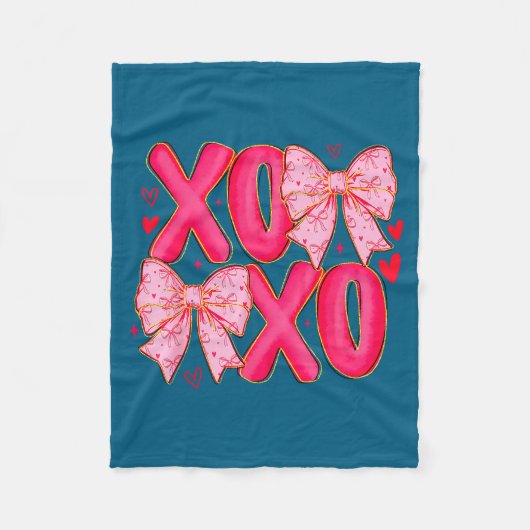 Preppy Xoxo Coquette Bow Hearts Valentine's Day Wo フリースブランケット (正面)
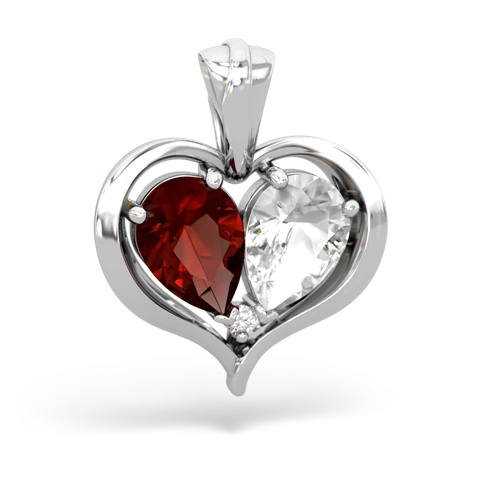 garnet-white topaz half heart whole pendant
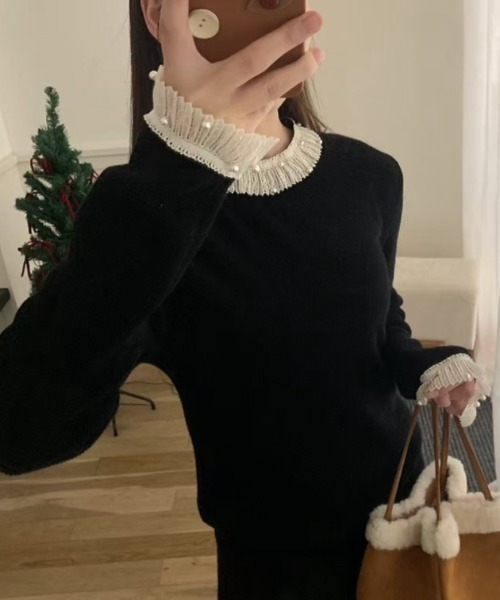 パール付き レースニット レース襟 トップス（ニット/セーター）｜COCOMOMO（ココモモ）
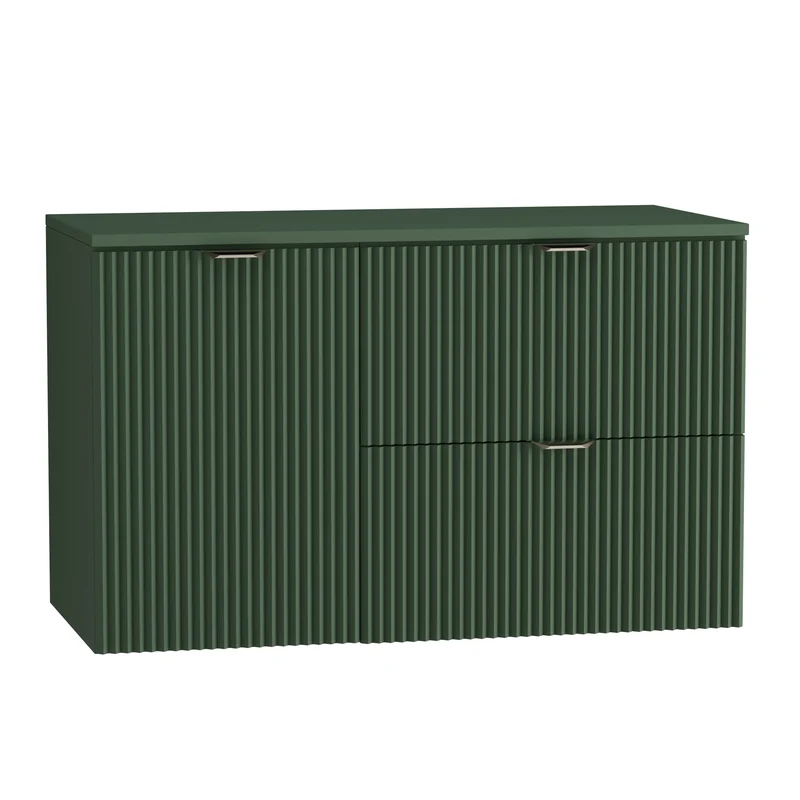 Waschtischunterschrank 100 cm mit Wäschekorb Willy - Salbei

_TASK INSTRUCTIONS_.
Return only the lines from the one that contains "garnet-white topaz half heart whole pendant" through the closing line of the data, inclusive, reproduced exactly and with every picture left out.

_SOLUTION TO THIS PROBLEM_.
 garnet-white topaz half heart whole pendant
 パール付き レースニット レース襟 トップス（ニット/セーター）｜COCOMOMO（ココモモ）
 Waschtischunterschrank 100 cm mit Wäschekorb Willy - Salbei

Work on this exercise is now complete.